This summer has been a bit frustrating as far as whale watching goes. We have spent less time on our boat, and when we have been out the whales in the area were typically surrounded by several whale watching boats. Rather than join the chaos, we chose to stay away. The cruise ships stopped coming this week, so we decided to head out and see if we could find any whales still in the area. We got lucky and found three humpbacks in North Pass. We also saw two more spouts off in the distance. I was excited to see they all have not left the area just yet.

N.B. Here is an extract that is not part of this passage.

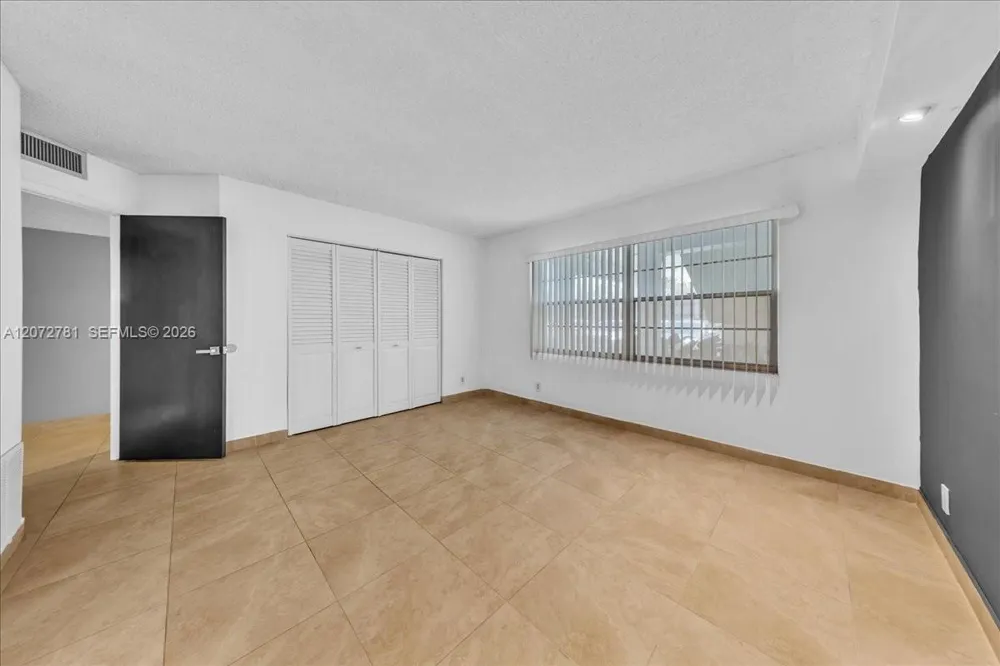 1300 SW 125th Ave #114K Pembroke Pines, FL 33027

Two of the whales in the area appeared to be together, while the third whale was off by herself. The two that were together would surface and dive together. At one point, the two surfaced and seemed to be resting (logging). They did this for five to ten minutes. They remained side by side the entire time. Right before they dove, after logging, one blew a few bubbles then began to vocalize. I can only describe it as a groaning or growling sound. They then dove at the same time. This is the first time we have seen this type of behavior. It was very interesting and so neat to see and hear. I was able to identify one of the whales, and I am hoping to get an ID on the second whale. The whale I was able to identify is #2006, aka Magma (juneauflukes.org). Apparently Magma has frequently been seen with #924, aka Crater. The whale I observed Magma with was not Crater. I identified the third whale as #1538, aka Smudge or Flame. We have seen both Magma and Flame before.

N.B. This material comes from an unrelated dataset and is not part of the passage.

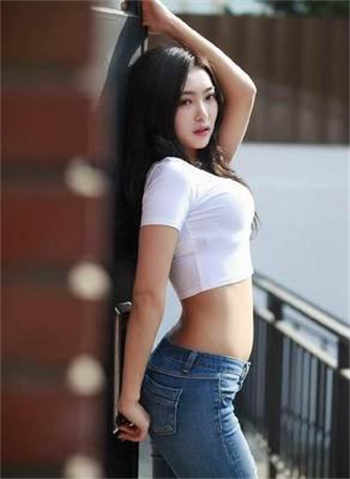 坐上去含着自己动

We also encountered a pod of Dall's porpoise. They swam around our boat for a minute or two. This was the second time we have had Dall's porpoise do that. I was not able to get photos. They are too fast.
The whales were fairly active as one of them breached very close to a whale watching boat, while another slapped its tail several times.
A bit of a frustrating sighting due to the water conditions, the behavior of the orcas, and the position of the sun. The pod was on the move and difficult to track. There appeared to be five whales in the pod including one calf. These orcas have been identified as the T064s.
We also saw two humpbacks, Dall's porpoise, and harbour porpoise. No photos.
We spotted a lone orca near Auke Bay. The encounter was a bit frustrating due to the water conditions, the elusive behavior of the orca, and the large number of whale watching boats jockeying for position. The orca has been identified as T087. This is the second time I have seen T087 (November 26, 2016, was the first time).
The humpback encounter was equally as frustrating with the water conditions and the whale watching boat traffic.
I did not get very good photos of this whale, but I believe it was whale number 1879, aka Sasha. This is the second time I have seen her. The first was on April 9, 2017.
I believe the orcas are from AG pod of the Alaska residents (fish eaters).
We spent several hours in our boat, and saw at least 10 humpbacks while we were out.